### EXERCISE OBJECTIVE
When writing out the listing below, reproduce every word exactly and skip the pictures.

### AVAILABLE DATA
* * * * * * * * *

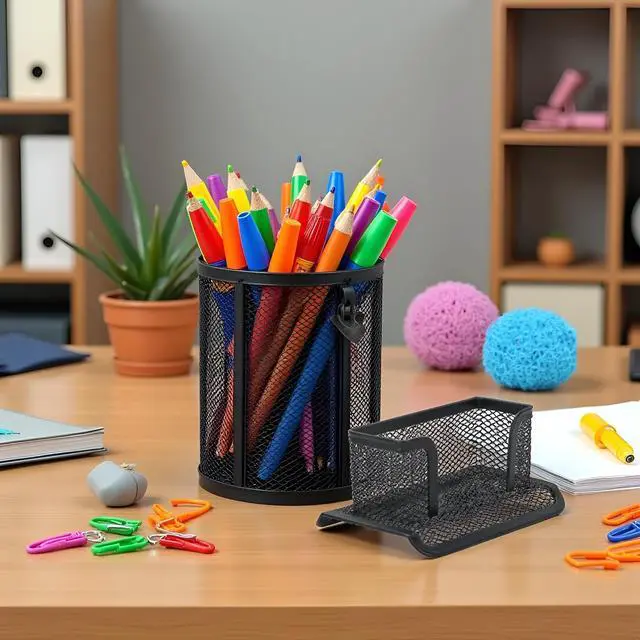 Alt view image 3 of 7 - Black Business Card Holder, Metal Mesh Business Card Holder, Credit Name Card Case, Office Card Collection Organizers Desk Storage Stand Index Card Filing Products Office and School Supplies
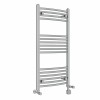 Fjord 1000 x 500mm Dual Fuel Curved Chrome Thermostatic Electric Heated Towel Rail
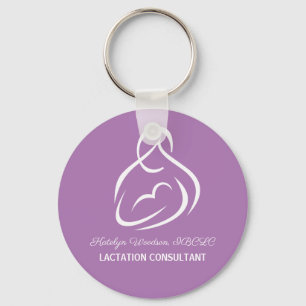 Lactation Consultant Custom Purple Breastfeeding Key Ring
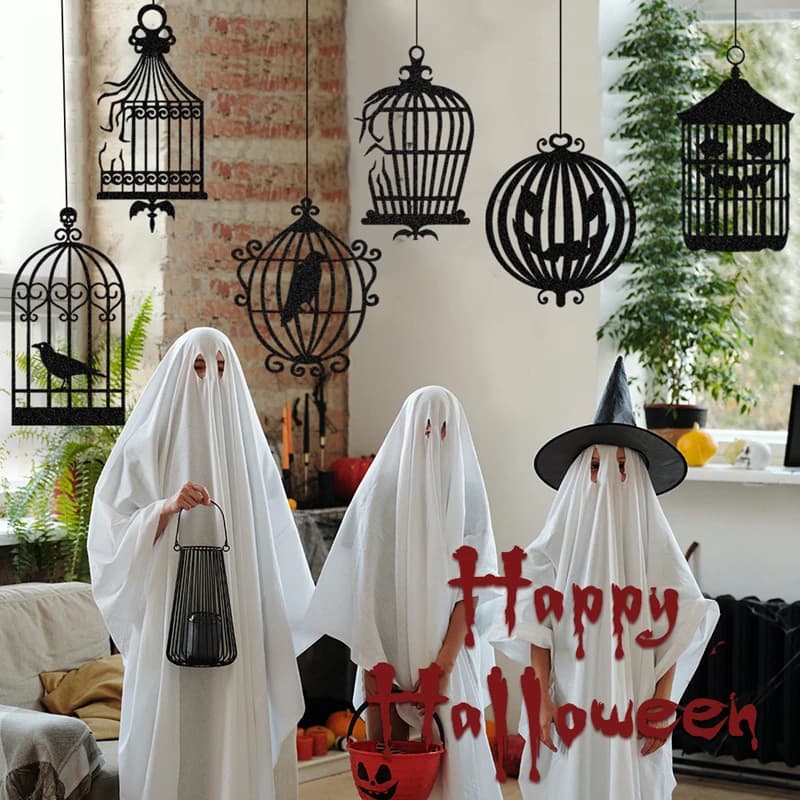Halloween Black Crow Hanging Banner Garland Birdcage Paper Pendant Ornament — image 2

* * * * * * * * *

### ANSWER SPACE
 Alt view image 3 of 7 - Black Business Card Holder, Metal Mesh Business Card Holder, Credit Name Card Case, Office Card Collection Organizers Desk Storage Stand Index Card Filing Products Office and School Supplies
 Fjord 1000 x 500mm Dual Fuel Curved Chrome Thermostatic Electric Heated Towel Rail
 Lactation Consultant Custom Purple Breastfeeding Key Ring
Halloween Black Crow Hanging Banner Garland Birdcage Paper Pendant Ornament — image 2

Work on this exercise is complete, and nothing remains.